====== Records provided ======

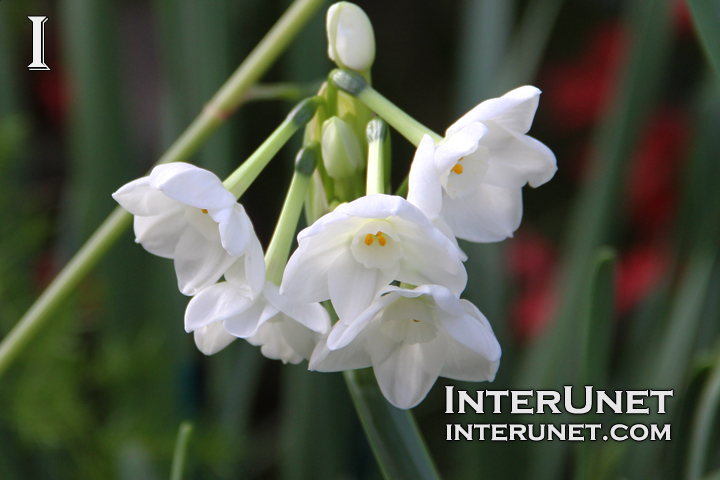 amazing-white-flowers
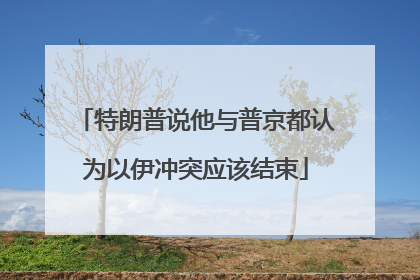 特朗普说他与普京都认为以伊冲突应该结束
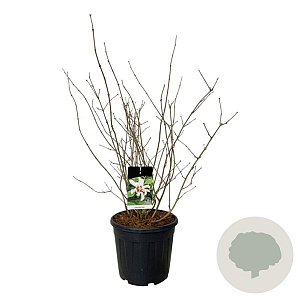 Calycanthus 'Venus' 60-80 cm 30L extra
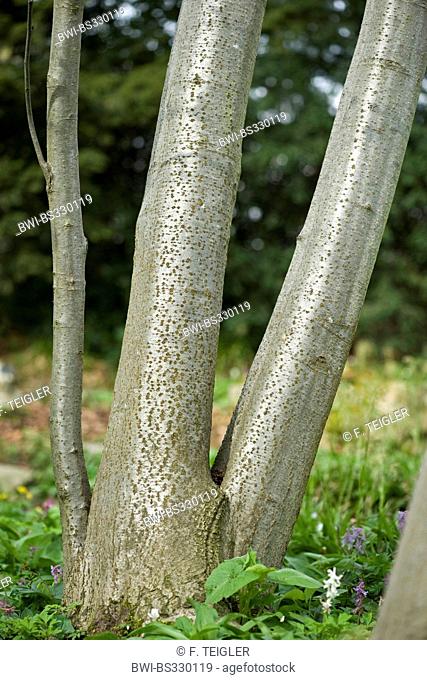 grey alder, hoary alder, speckled alder (Alnus incana), trunks, Germany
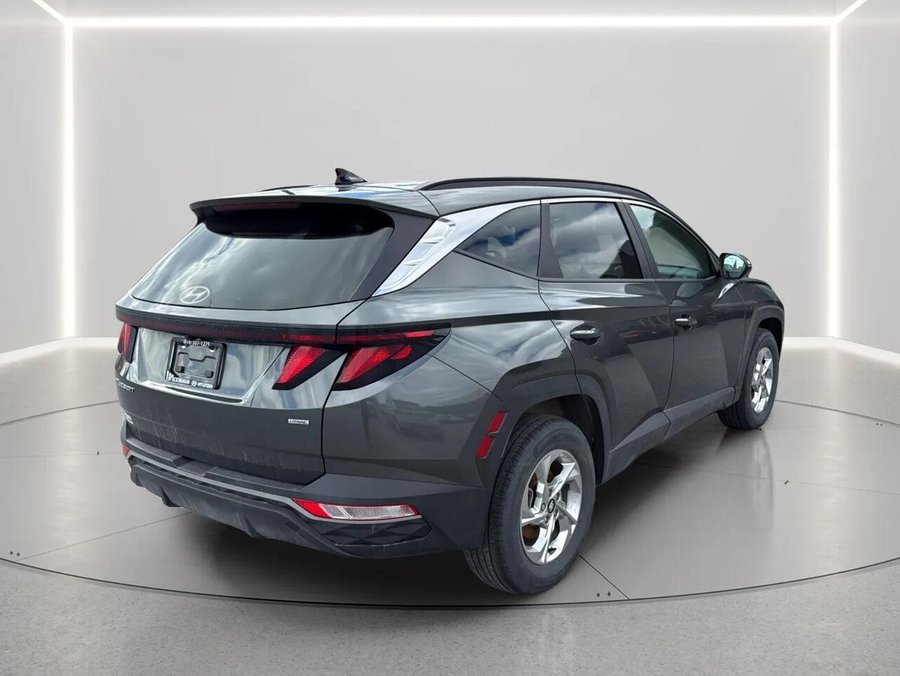 2024 Hyundai Tucson 2024 Grey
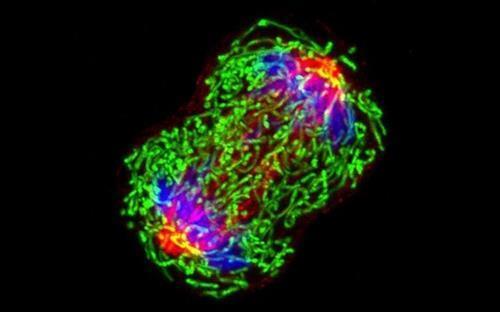 분열 중인 유방암 세포 구조 단백질 튜불린(적색), 미토콘드리아(녹색), 염색체(청색) 등이 선명히 보인다.
[미국 NCI(국립 암 연구소) Wei Qian. 재판매 및 DB 금지]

======

▸ Try it
Starting with the line that contains "grey alder, hoary", repeat each line exactly through the last line of the data above, and nothing more; the pictures stay out.

▸ Your response
 grey alder, hoary alder, speckled alder (Alnus incana), trunks, Germany
 2024 Hyundai Tucson 2024 Grey
 분열 중인 유방암 세포 구조 단백질 튜불린(적색), 미토콘드리아(녹색), 염색체(청색) 등이 선명히 보인다.
[미국 NCI(국립 암 연구소) Wei Qian. 재판매 및 DB 금지]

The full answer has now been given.